[GIVEN ENTRIES]
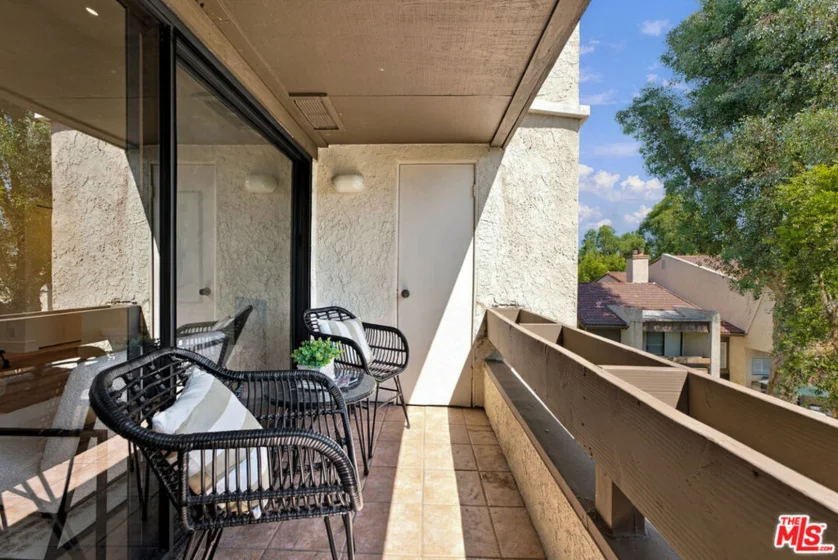 5800 Owensmouth Avenue #76 photo 26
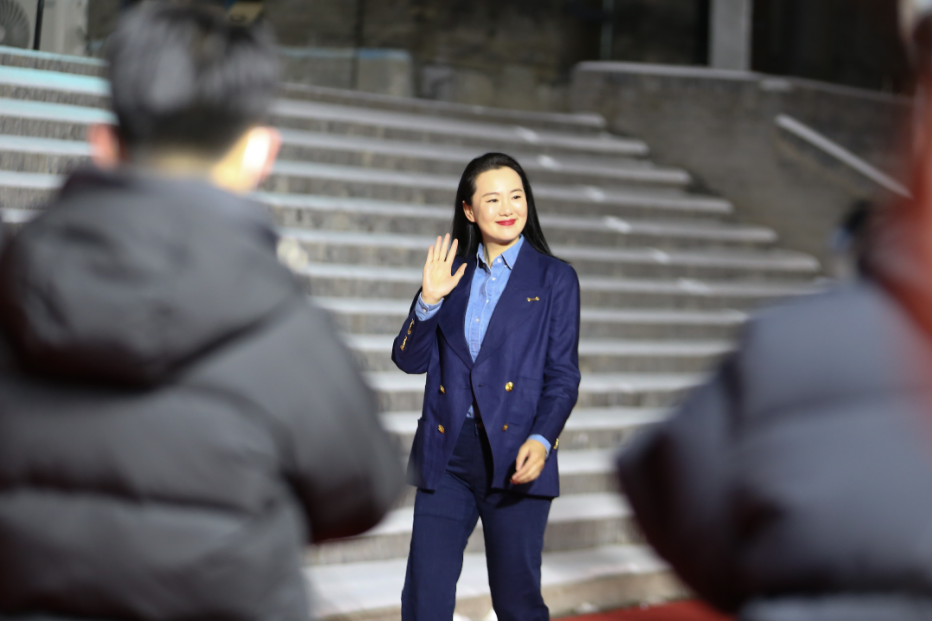 中国日报记者 武晓慧 摄1月14日晚,意大利导演安德烈·卡瓦祖缇(中)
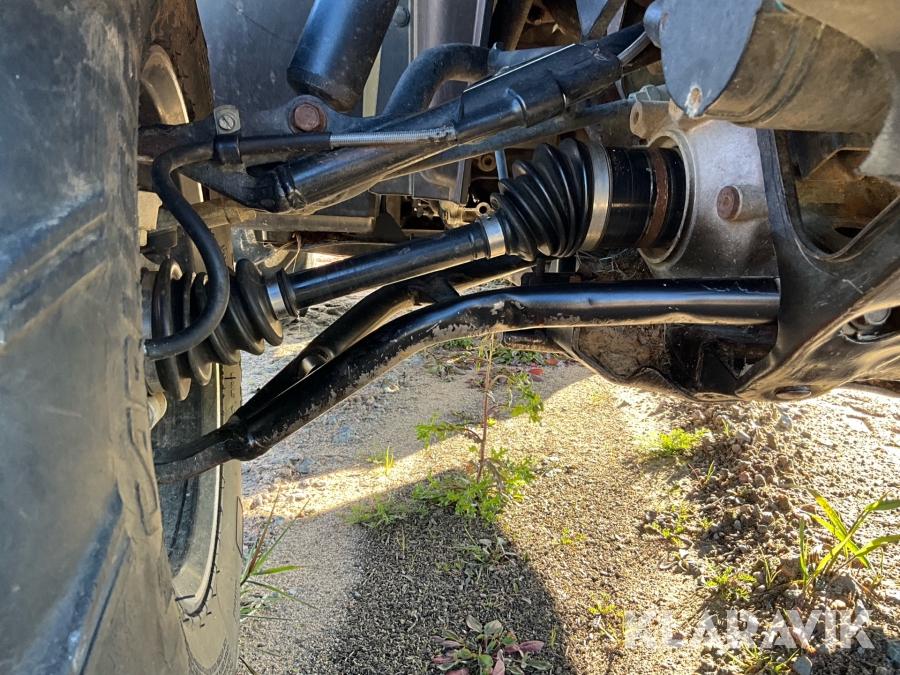 6-hjuling Can-Am Outlander 650 Max PRO med timmervagn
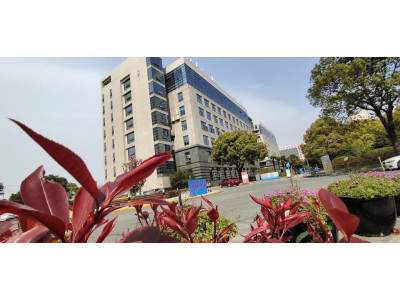张江集成电路产业园 40到500平可选  精装带家具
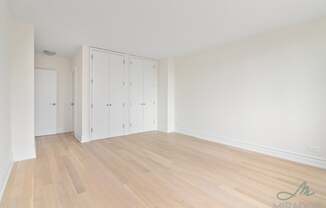 1 bed, 2 baths, $9,000, Unit 47H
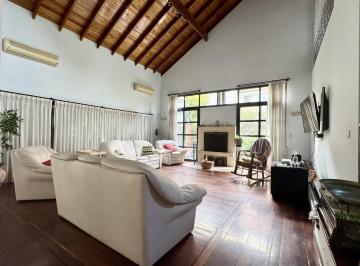 Casa · 360m² · 6 Ambientes · 1 Cochera · Casa en Venta Saint Thomas Sur Canning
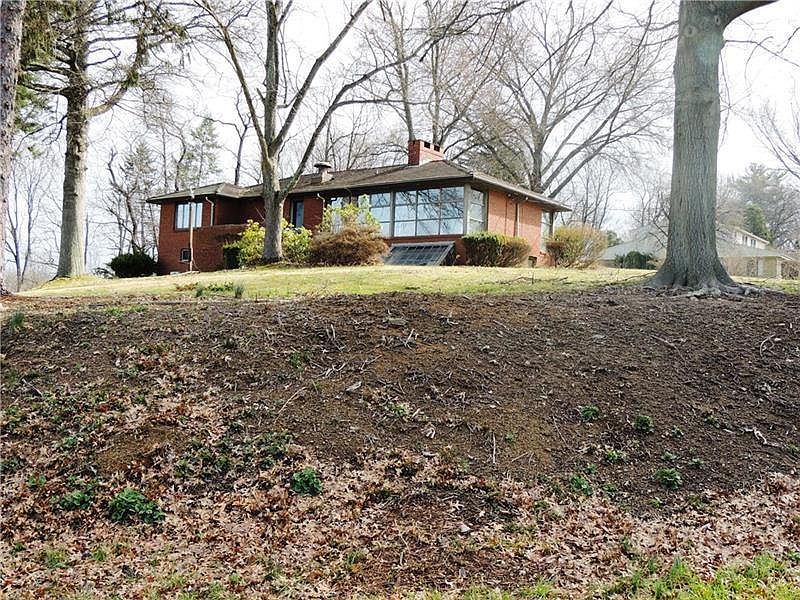 1st image of 244 Trotwood Dr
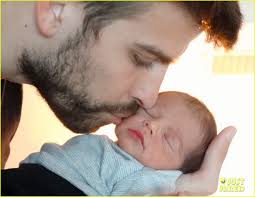About this photo set: Check out the first photo of Shakira and Gerard Pique&#39;s newborn baby boy Milan! The 36-year-old singer posted the photo of her partner ... - shakira-gerard-pique-share-baby-milan-first-pic
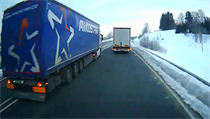 Český řidič kamionu, který v Německu riskantně předjížděl, dostal trest vězení Řidič kamionu snažící se předjet dva své kolegy. | na serveru Lidovky.cz | aktuální zprávy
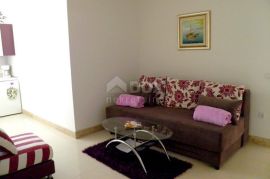 ISTRA, POREČ - Apartmanska kuća u blizini mora, Vrsar, Дом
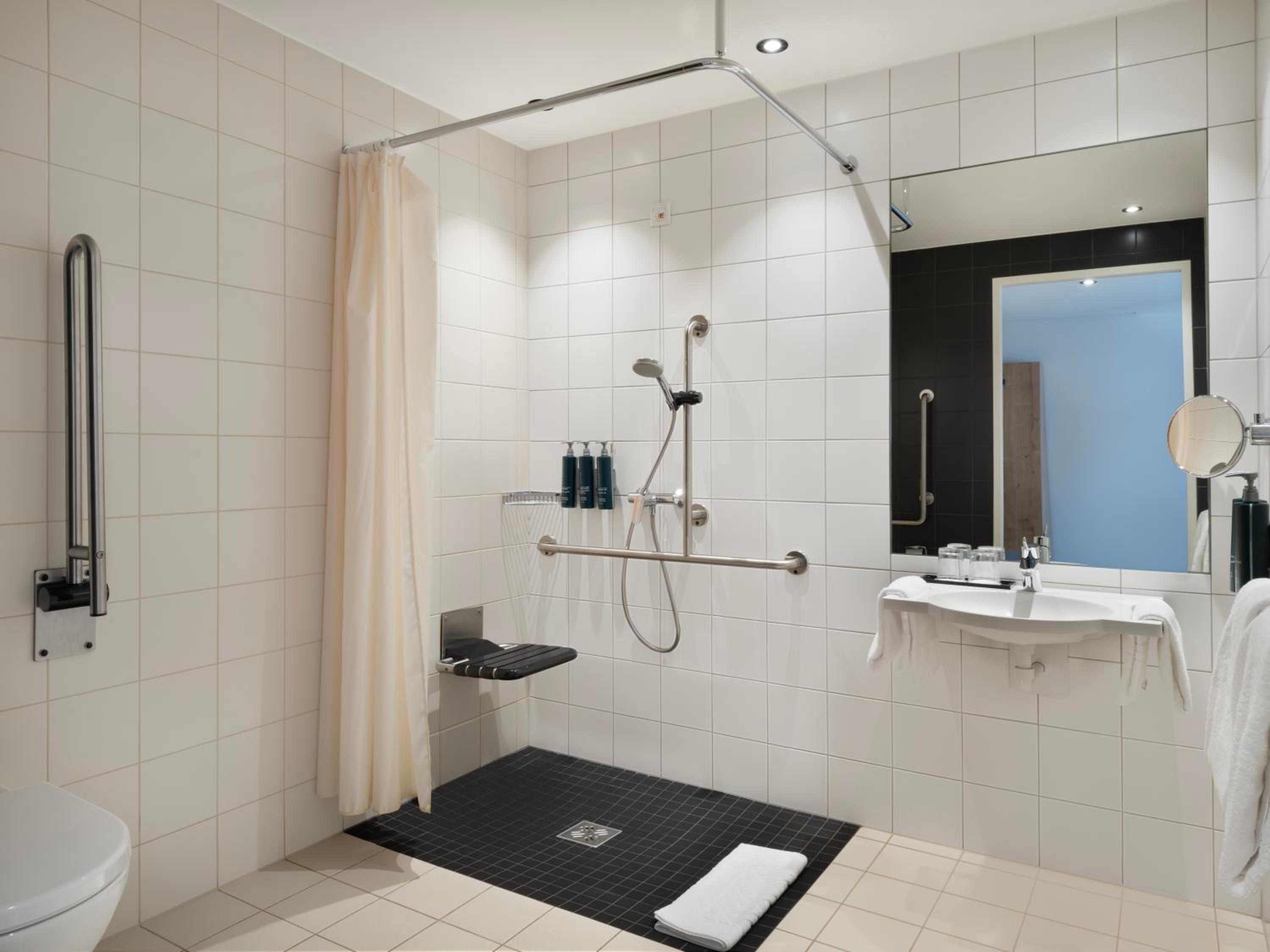 King Room - Mobility Accessible  - Photo 2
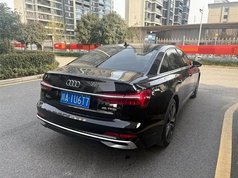 奥迪A6L 2023款 45 TFSI 臻选动感型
[/GIVEN ENTRIES]
* [WHAT IS BEING ASKED] Output the records verbatim, every one of them, and keep the pictures out.

* [SOLVED PROBLEM]
 5800 Owensmouth Avenue #76 photo 26
 中国日报记者 武晓慧 摄1月14日晚,意大利导演安德烈·卡瓦祖缇(中)
 6-hjuling Can-Am Outlander 650 Max PRO med timmervagn
张江集成电路产业园 40到500平可选  精装带家具
 1 bed, 2 baths, $9,000, Unit 47H
 Casa · 360m² · 6 Ambientes · 1 Cochera · Casa en Venta Saint Thomas Sur Canning
 1st image of 244 Trotwood Dr
About this photo set: Check out the first photo of Shakira and Gerard Pique&#39;s newborn baby boy Milan! The 36-year-old singer posted the photo of her partner ... - shakira-gerard-pique-share-baby-milan-first-pic
 Český řidič kamionu, který v Německu riskantně předjížděl, dostal trest vězení Řidič kamionu snažící se předjet dva své kolegy. | na serveru Lidovky.cz | aktuální zprávy
 ISTRA, POREČ - Apartmanska kuća u blizini mora, Vrsar, Дом
 King Room - Mobility Accessible  - Photo 2
 奥迪A6L 2023款 45 TFSI 臻选动感型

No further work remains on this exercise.